For this practical, you will need to install a new package `JGTeach" from github:

library(gaston)

library(devtools)
install_github("jgx65/JGTeach")

library(hierfstat)
library("JGTeach")

Drift

We will start by doing in silico Buri’s drosophila cages experiment. We will generate using the JGTeach::drift function the allelic frequency trajectories for a number of replicates, corresponding to the different cages:

dum<-drift(nind=100,p0=0.5,nrep=1000,ngen=100,PlotIt = TRUE)

Describe the figure produced
set the number of individuals to 10; to 1000. How does population size affects the drifting process?
Set the number of individuals to 100 and the number of generation to 1000. Take time slices (generations 1, 2, 3, 5, 10, 50, 100,1000) to look at the distribution of the replicates allele frequencies over time.

x<-drift(nind=100,ngen=1000)
gens<-c(1,2,3,5,10,20,50,100,1000)

par(mfrow=c(3,3))
for (i in gens)
hist(x[i,],breaks=0:50/50,main=paste("generation:", i),xlab="Freq",ylab="")
par(mfrow=c(1,1))

Describe the resulting figure and compare it to Buri’s results

2 [optional]. We will use the drift function to explore some properties of drift, namely the probability and time to fixation of an allele.

Theory tells us that the probability of fixation of an allele is its frequency, and that time to fixation is

\[ \frac{4N(1-p) \ln(1-p)}{p} \] which, for a frequency of \(0.5\), corresponds to \(2.7N\) generations

[optional] simulate \(10,000\) replicates of a population of \(50\) diploid individuals starting with a frequency \(p0=0.5\). The expected probability of fixation is \(0.5\), and it should take on average \(135\) generations to achieve fixation.

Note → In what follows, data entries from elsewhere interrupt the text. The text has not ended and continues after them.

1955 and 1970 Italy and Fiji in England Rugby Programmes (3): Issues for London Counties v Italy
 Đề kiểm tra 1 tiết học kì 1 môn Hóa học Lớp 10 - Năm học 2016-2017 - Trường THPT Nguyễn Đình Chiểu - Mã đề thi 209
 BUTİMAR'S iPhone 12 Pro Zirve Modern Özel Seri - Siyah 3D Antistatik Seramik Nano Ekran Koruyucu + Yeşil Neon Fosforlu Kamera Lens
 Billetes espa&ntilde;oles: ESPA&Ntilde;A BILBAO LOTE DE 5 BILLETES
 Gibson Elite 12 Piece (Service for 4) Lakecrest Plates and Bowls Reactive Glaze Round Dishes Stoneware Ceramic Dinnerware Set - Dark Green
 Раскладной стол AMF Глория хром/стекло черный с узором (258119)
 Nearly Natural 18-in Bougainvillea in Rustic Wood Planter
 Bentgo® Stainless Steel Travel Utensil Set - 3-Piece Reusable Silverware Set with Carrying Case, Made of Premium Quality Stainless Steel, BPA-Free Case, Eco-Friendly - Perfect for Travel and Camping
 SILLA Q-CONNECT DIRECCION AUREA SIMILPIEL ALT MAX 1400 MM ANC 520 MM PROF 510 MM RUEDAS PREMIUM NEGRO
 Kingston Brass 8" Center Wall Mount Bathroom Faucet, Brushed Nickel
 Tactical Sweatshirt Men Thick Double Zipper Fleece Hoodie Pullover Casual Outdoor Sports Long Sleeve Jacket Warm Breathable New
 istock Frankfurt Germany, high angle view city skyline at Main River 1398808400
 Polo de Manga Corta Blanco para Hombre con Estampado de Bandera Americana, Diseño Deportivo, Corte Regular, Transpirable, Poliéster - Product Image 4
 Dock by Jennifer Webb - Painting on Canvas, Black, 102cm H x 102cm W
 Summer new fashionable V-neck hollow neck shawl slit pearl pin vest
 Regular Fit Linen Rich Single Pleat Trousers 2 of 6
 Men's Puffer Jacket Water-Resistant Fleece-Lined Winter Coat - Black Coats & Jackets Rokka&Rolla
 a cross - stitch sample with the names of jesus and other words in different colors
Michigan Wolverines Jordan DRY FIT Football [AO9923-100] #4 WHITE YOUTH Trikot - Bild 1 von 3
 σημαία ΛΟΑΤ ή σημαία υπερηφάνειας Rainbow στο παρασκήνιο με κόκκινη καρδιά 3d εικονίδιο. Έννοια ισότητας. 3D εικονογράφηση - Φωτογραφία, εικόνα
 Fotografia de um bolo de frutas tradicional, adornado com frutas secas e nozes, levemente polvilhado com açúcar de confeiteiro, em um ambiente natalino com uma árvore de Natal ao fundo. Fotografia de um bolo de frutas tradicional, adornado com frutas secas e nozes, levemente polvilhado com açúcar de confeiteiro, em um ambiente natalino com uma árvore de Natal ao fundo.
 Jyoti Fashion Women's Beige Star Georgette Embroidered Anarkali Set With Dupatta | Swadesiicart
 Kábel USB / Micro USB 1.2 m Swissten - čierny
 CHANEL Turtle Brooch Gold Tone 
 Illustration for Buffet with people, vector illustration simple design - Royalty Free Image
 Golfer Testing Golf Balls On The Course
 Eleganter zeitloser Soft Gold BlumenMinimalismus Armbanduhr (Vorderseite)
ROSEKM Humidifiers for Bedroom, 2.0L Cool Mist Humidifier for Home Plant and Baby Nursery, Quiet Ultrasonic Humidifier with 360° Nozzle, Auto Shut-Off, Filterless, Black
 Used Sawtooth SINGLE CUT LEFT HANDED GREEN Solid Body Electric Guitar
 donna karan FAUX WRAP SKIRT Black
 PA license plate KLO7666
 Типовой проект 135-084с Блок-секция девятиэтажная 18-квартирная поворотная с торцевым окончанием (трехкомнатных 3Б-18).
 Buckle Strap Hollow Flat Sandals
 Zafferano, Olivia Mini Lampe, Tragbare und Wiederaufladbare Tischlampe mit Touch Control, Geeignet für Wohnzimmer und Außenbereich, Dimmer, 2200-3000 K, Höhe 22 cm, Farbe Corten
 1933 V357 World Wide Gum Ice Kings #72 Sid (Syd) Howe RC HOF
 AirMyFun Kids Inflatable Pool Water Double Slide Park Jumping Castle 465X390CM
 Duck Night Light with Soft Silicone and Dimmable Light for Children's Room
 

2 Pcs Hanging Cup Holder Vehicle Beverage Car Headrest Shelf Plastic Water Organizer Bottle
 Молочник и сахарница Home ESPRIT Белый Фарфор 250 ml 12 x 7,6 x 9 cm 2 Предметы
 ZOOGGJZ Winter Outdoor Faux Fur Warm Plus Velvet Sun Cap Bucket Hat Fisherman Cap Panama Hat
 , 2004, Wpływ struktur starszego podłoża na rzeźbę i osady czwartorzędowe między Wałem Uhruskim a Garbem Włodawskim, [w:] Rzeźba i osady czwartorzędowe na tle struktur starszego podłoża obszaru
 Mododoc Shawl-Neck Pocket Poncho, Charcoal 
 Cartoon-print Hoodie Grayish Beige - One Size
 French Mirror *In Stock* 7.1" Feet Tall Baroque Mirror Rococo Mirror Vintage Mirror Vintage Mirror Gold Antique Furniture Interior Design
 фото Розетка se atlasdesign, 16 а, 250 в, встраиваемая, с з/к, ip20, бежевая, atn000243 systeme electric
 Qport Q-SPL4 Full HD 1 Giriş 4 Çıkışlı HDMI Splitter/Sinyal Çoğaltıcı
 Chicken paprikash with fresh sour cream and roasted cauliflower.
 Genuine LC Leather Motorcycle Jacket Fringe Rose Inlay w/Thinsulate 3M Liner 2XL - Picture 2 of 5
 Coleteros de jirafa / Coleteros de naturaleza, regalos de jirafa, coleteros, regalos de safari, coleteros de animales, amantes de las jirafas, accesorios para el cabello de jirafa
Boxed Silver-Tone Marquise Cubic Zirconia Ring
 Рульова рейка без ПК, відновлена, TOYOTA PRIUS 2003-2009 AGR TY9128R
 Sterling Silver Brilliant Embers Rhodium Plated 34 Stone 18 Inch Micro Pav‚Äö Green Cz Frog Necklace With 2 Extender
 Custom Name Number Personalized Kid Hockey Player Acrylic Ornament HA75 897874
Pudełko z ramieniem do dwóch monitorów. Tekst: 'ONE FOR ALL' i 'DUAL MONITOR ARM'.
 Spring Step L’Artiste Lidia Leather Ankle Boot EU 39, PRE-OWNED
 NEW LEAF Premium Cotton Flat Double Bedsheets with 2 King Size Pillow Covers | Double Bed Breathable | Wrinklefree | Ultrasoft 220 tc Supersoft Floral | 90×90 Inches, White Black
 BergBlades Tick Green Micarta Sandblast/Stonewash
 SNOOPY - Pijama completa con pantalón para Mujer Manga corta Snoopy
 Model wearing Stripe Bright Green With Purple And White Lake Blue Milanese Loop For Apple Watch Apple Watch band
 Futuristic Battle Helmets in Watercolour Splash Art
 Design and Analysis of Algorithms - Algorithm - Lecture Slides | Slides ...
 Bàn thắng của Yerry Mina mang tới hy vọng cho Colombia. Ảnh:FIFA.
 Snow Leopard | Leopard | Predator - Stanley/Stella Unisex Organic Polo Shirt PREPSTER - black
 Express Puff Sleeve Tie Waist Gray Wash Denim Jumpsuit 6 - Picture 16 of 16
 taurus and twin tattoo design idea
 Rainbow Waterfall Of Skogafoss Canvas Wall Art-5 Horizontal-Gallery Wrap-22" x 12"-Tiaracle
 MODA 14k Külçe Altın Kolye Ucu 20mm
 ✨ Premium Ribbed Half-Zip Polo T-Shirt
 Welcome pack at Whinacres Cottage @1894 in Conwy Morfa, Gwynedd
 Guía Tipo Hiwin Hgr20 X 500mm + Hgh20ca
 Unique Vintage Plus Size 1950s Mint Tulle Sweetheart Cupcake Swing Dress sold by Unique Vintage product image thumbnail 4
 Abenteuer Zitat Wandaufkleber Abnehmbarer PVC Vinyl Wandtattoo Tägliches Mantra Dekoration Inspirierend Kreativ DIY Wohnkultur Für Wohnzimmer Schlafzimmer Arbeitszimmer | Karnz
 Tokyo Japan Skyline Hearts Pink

x1<-drift(nind=50,ngen=1000,nrep=10000)
par(mfrow=c(3,3))
for (i in gens)
  hist(x1[i,],breaks=seq(0,1,0.01),main=paste("generation:", i),xlab="Freq",ylab="")
par(mfrow=c(1,1))

[optional] extract the time to fixation of the different replicates, from which you will extract both the probability and mean time to fixation.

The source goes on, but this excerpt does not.